Chaotic lasers feature wide spectrum and noise-like features, and extensively used in various fields, such as secure communications and random bit generation (RBG). Since the physical RBG using optical chaos was demonstrated first by Uchida et al., the optical chaos has been widely investigated in terms of chaos bandwidth and flatness, which determines the rate and randomness of RBG. Owing to the natural stability of semiconductor lasers, external perturbation is required to generate chaotic signals, such as optical injection, current modulation, and optical feedback. Among them, a semiconductor laser with optical feedback has attracted wide attention because of its simple structure and rich dynamic behaviors. Nonetheless, this configuration suffers the influence of the relaxation oscillation, which results in a limited bandwidth (a few GHz) and an uneven power spectrum. To obtain broad-spectrum chaotic signals, considerable efforts have been made in recent years. However, these solutions are associated with complex structures that require delicate manipulation because multiple parameters should be matched, so the cost of some of these schemes in terms of the system complexity can potentially outweigh the benefits.

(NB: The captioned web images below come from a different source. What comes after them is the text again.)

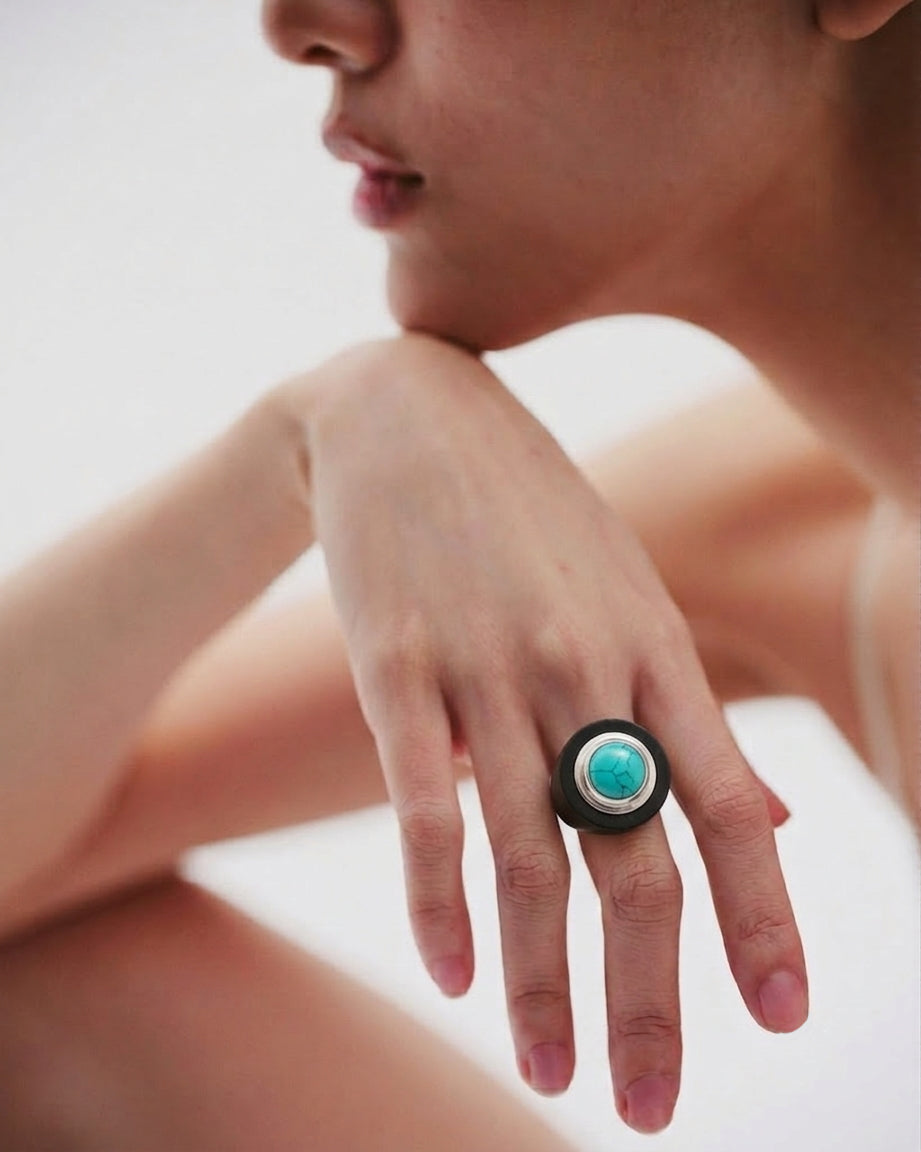A close-up lifestyle shot of a model wearing a large statement ring on her finger. The ring features a black ebony wood circular band with a central turquoise stone surrounded by a Eco-925 Sterling silver-toned bezel.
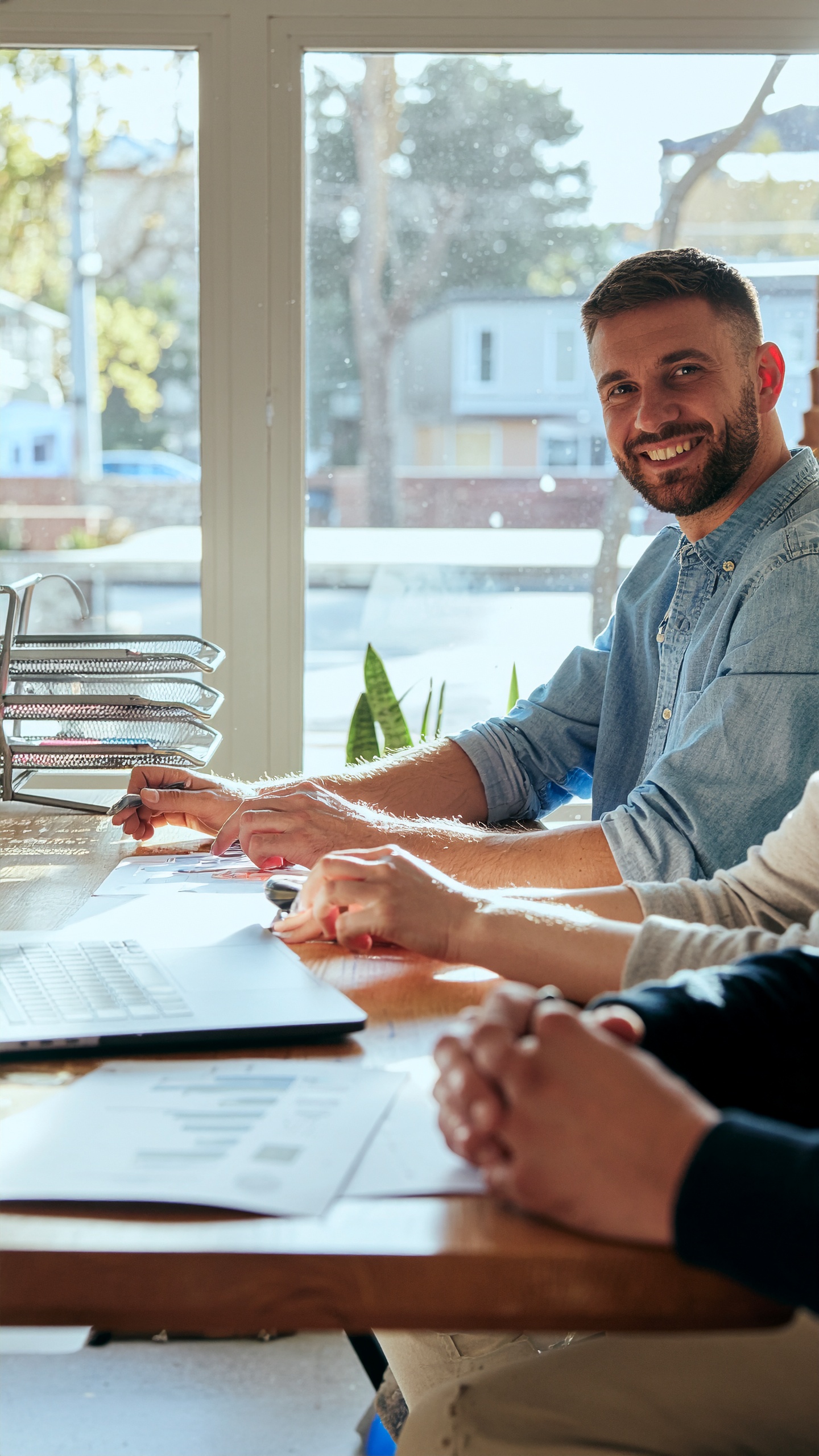 A group of professionals engaged in a meeting at a sunlit office table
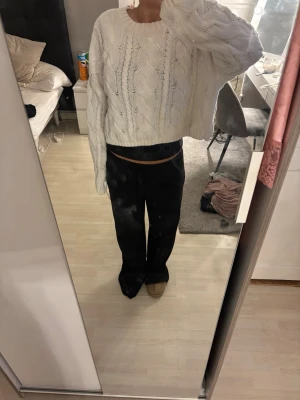 Vit kabelstickad croppad tröja - Säljer en vit kabelstickad tröja med croppad passform och rund hals. Tröjan har långa ärmar och ett snyggt flätmönster över hela plagget. Perfekt för dig som gillar en avslappnad men trendig stil.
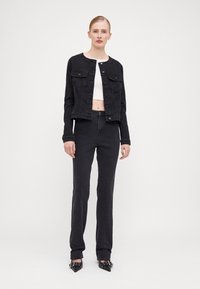 Black denim jacket with a round neckline, button closure, and two chest pockets, paired with matching black denim pants and pointed toe shoes.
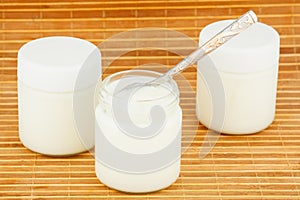 Three jars with home yoghurt on a straw mat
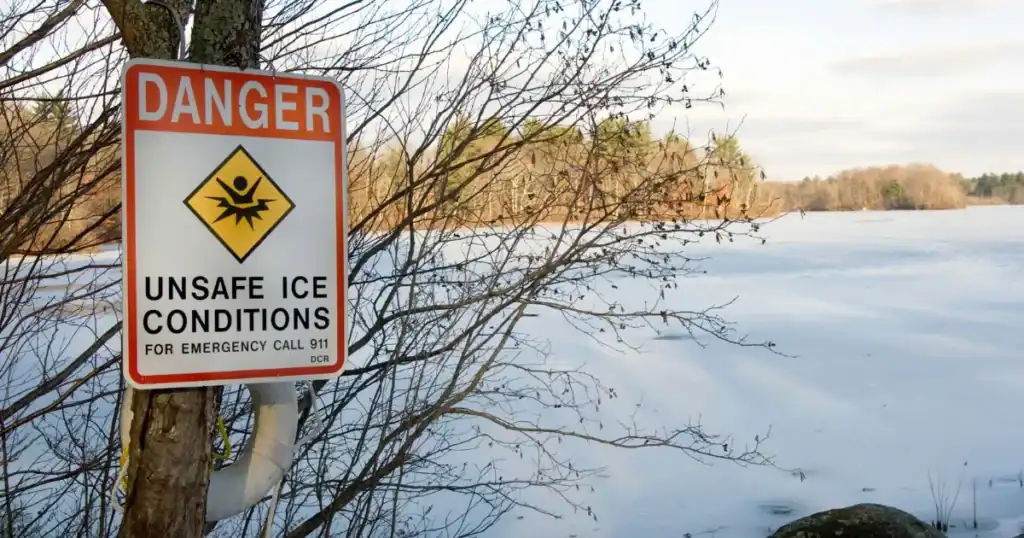 Danger of icy conditions sign outside of lake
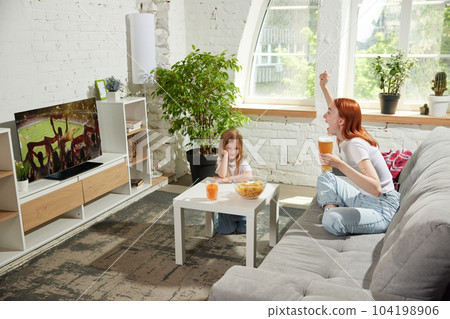 Young loud, excited woman sitting on couch at home, drinking beer and emotionally watching football match on tv. Bored child looking 104198906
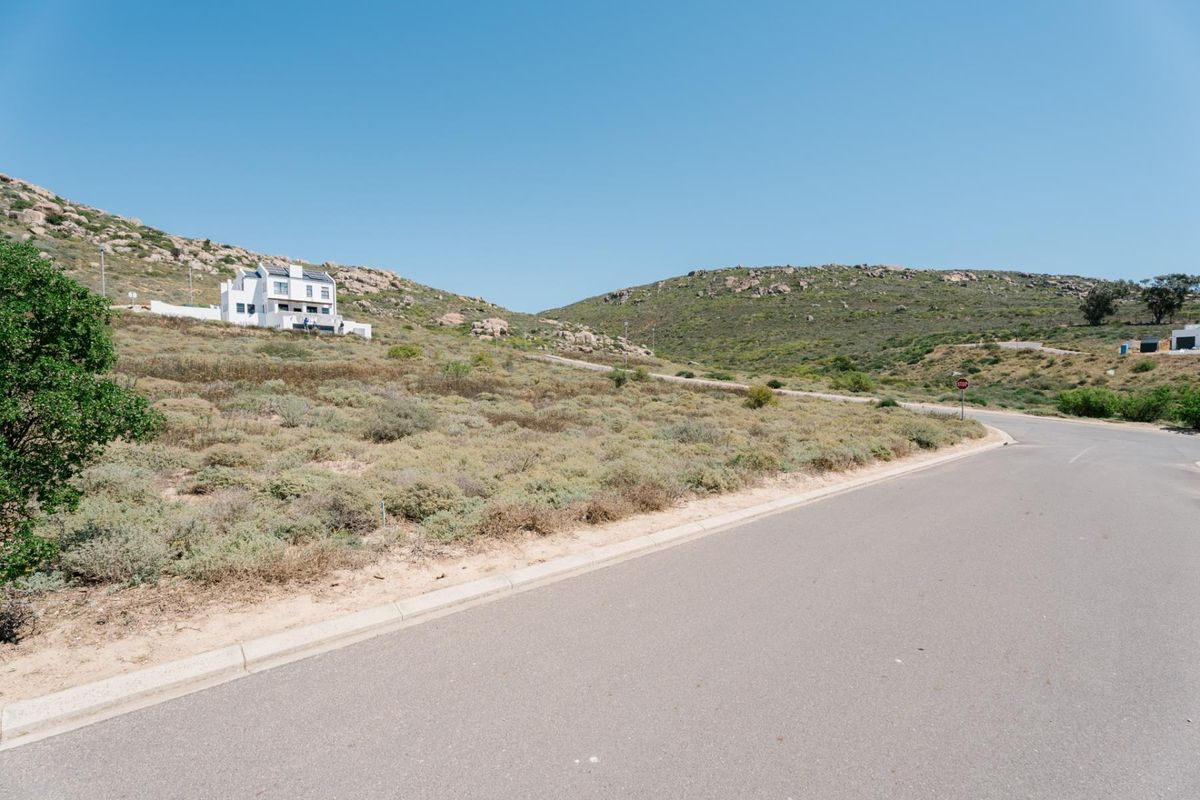 A view of the paved street frontage and surrounding sloped, undeveloped residential land with natural vegetation.
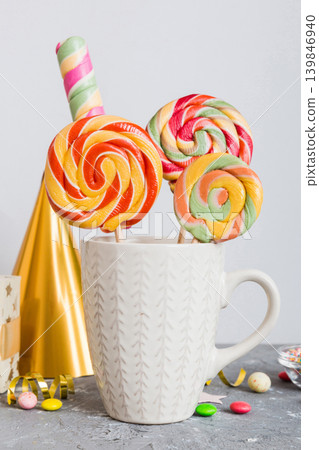 Colorful candies in cup on table on light background background. Large swirled lollipops. Creative concept of a jar full of delicious sweets from the candy store Colorful candies in cup on table on light background background. Large swirled lollipops. Creative concept of a jar full of delicious sweets from the candy store 139846940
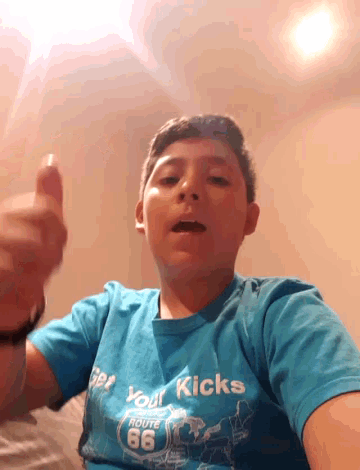 a boy wearing a blue shirt that says " get your kicks "
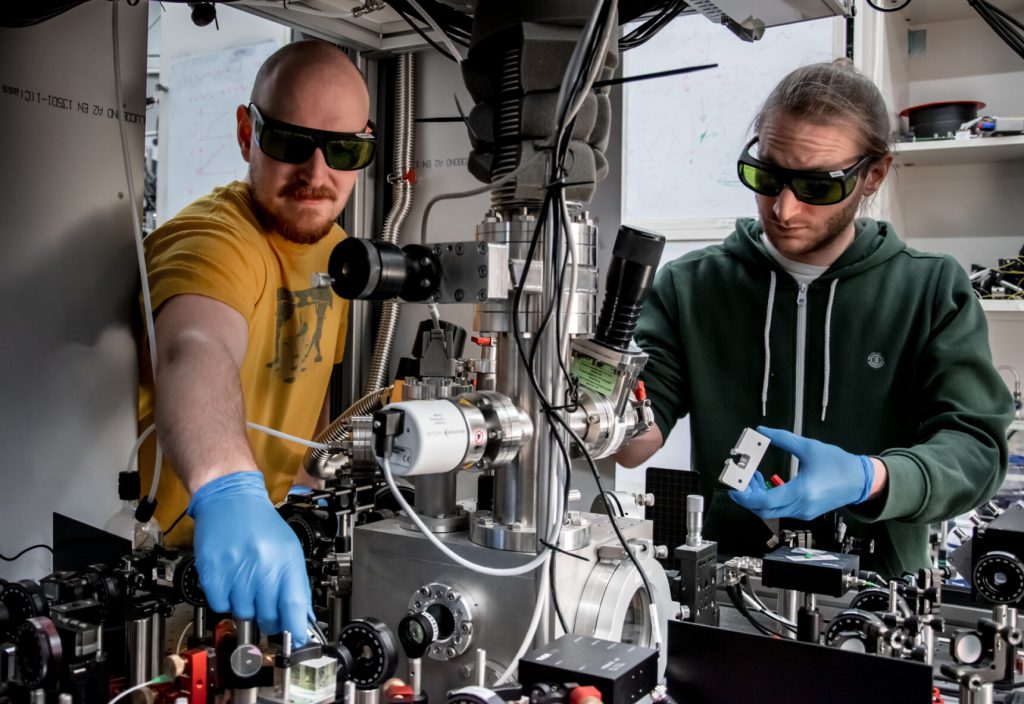 کاهان دره(Kahan Dare) در سمت چپ و مانوئل رایزنباور(Manuel Reisenbauer) در سمت راست، محققان آزمایشگاه مارکوس آسپلمایر ، بر روی این آزمایش کار می کنند تا نانوذره ای را که به حالت کوانتومی در آمده است، خنک کند.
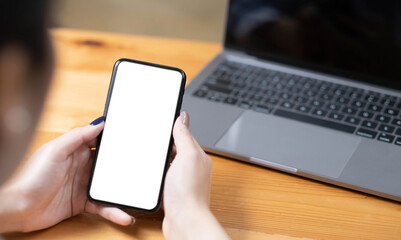 hand woman using a telephone, empty screen smart phone and computer on wooden table top view.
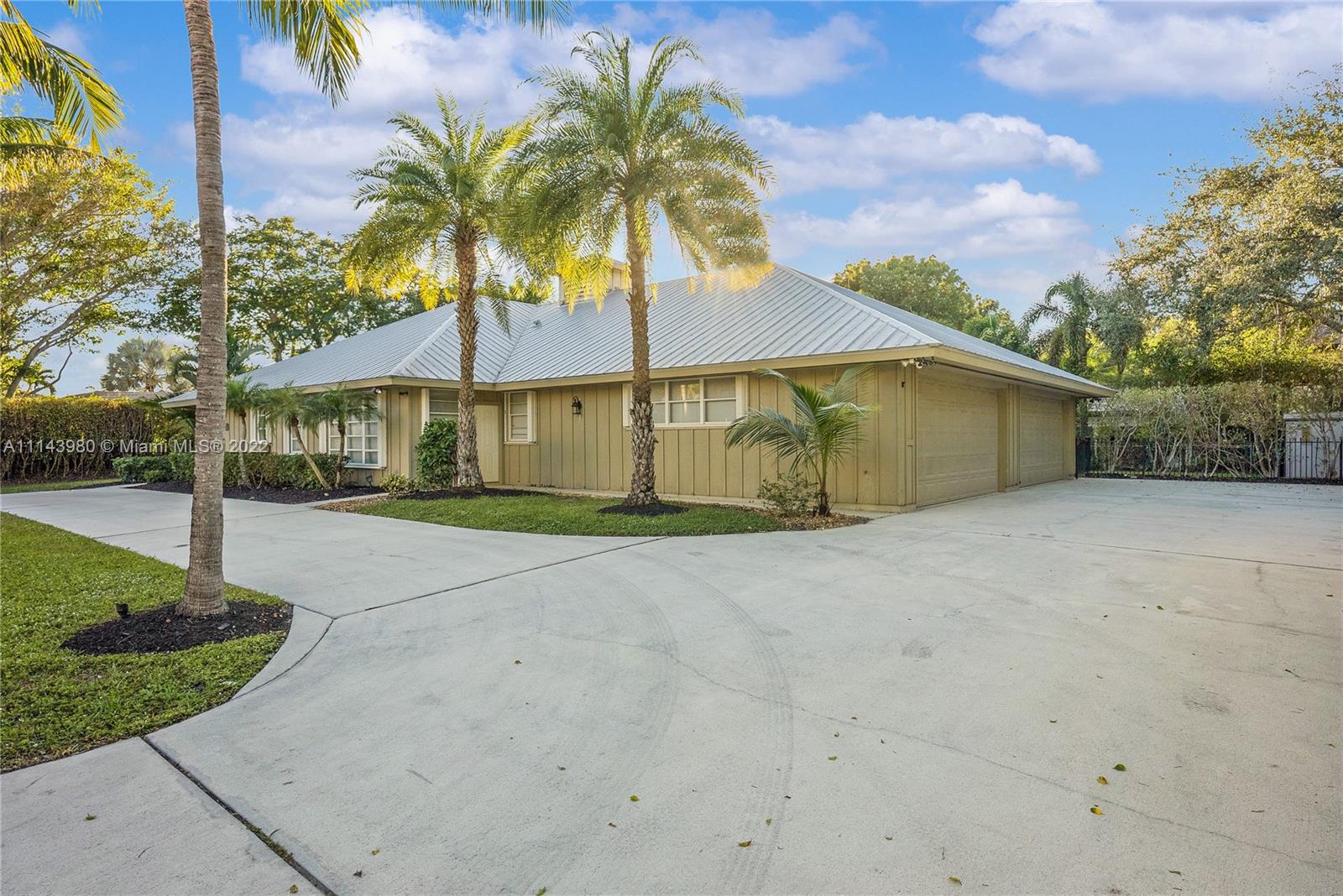 323 Cardinal Avenue Boca Raton, FL 33486 - Photo 7 of 56 a house with palm tree in front of it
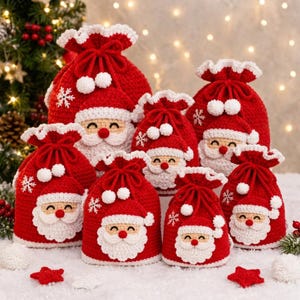 May include: A collection of red and white crochet drawstring bags featuring Santa Claus faces with white beards, red noses, and smiling expressions. Each bag is topped with a ruffled edge and decorated with small white pom-poms and snowflake motifs.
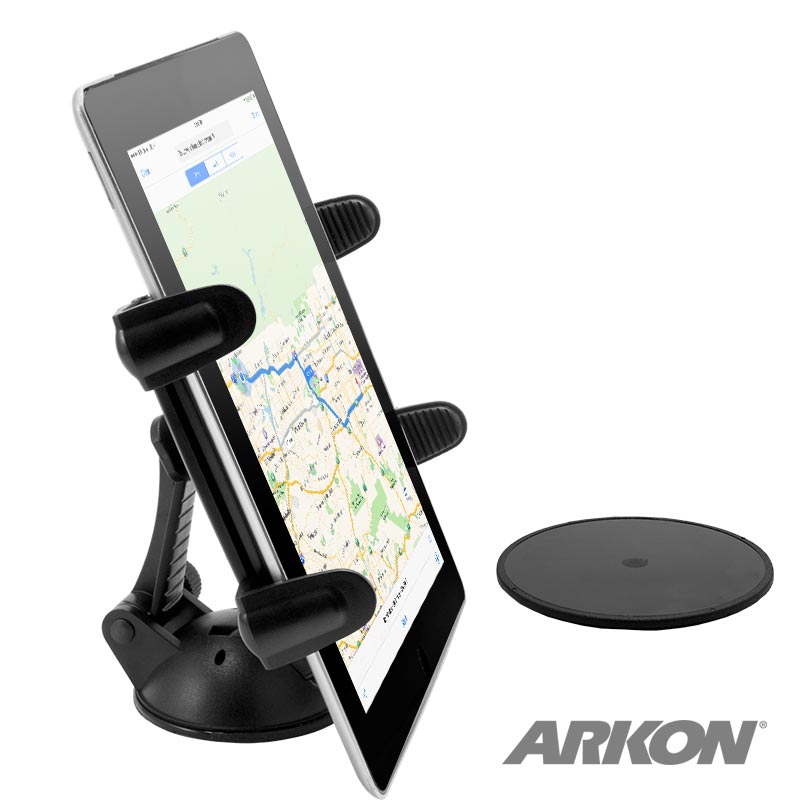 An iPad is held upright in the Sticky Suction Windshield or Dash Slim-Grip® Tablet Mount with adjustable grips; a round adhesive disc lies beside it. The ARKON logo appears at bottom right—ideal for ELD systems and navigation.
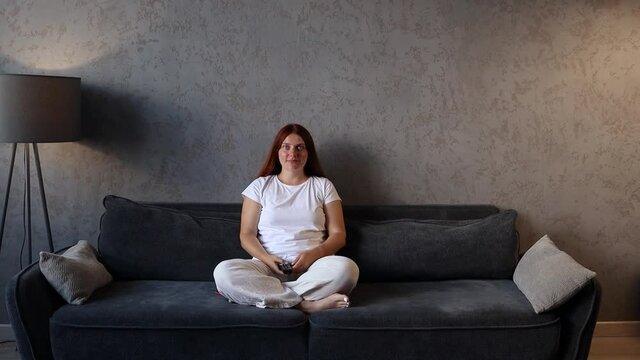 Happy woman relaxing watching television or movie while choosing channel at home living room. Using a remote control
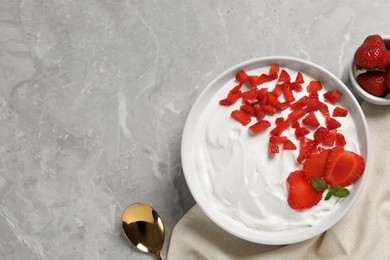 Photo of Delicious yogurt with strawberries served on grey marble table, flat lay. Space for text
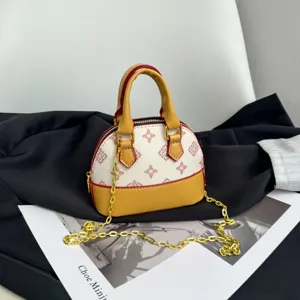 Détail du sac bombé à motif crème, avec base jaune, bordure rouge et chaîne d’épaule dorée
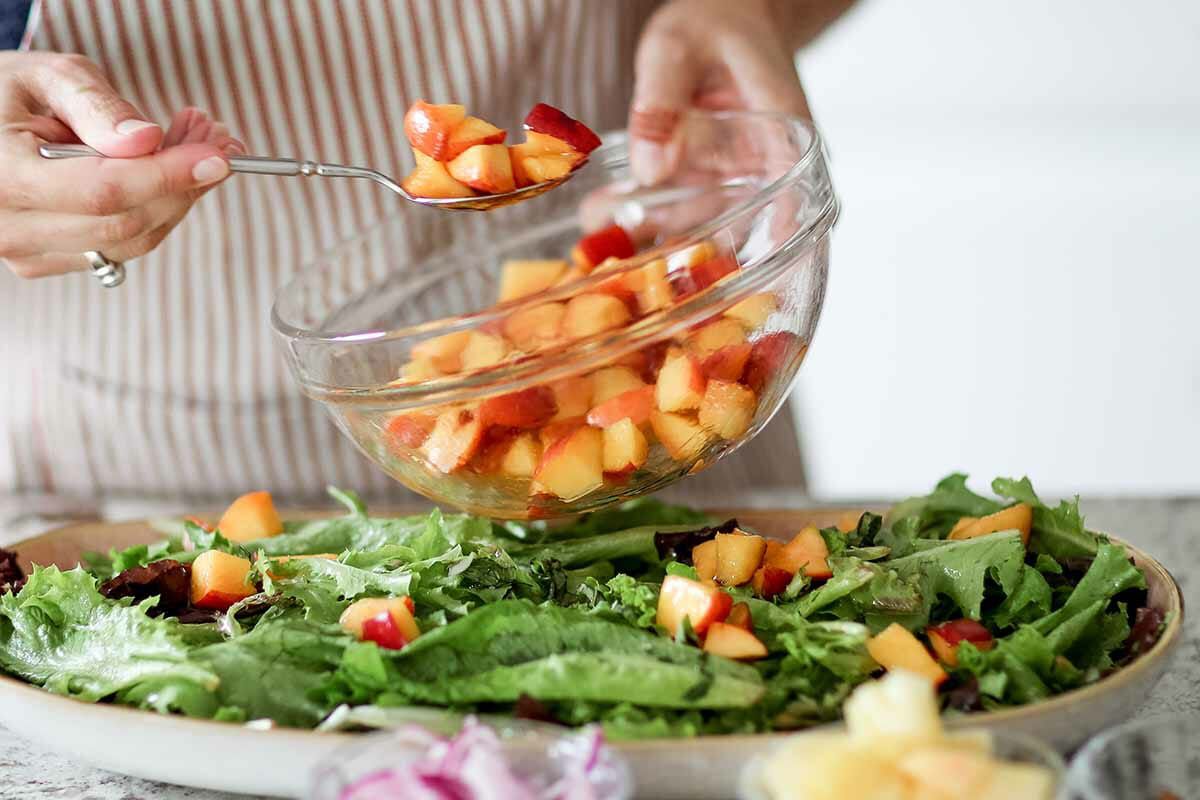 Salad recipe with peaches, goat cheese, and pistachios plate the salads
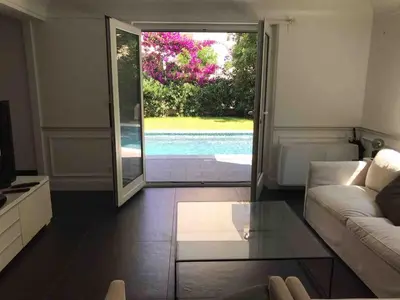 a living room with a couch and a glass table at Luxury villa with Pool and Garden perfect location in Beaulieu-sur-Mer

In this work, we incorporate an optical filter and an amplifier into the feedback loop of a conventional optical feedback system to generate broadband chaotic signals. The effects of the filter detuning frequency and feedback power on the bandwidth and flatness of the chaotic output are investigated experimentally. The experimental results demonstrate that by appropriately adjusting the feedback power and detuning frequency, both the low-frequency components and the high-frequency components of the chaotic output power spectrum can be increased, and the maximum chaotic bandwidth can reach 24.4 GHz with a flatness of 5.7 dB. This phenomenon is attributed to the physical process of beating between the filtered mode and the internal modes of the laser. Furthermore, the optimized chaotic output is processed by retaining the 4 least significant bits and implementing the delayed exclusive-OR (XOR) operation. Our scheme is capable of generating physical random number of the bit rate of 320 Gbit/s, and successfully passes the standard randomness test, i.e. the NIST test (NIST SP 800-22).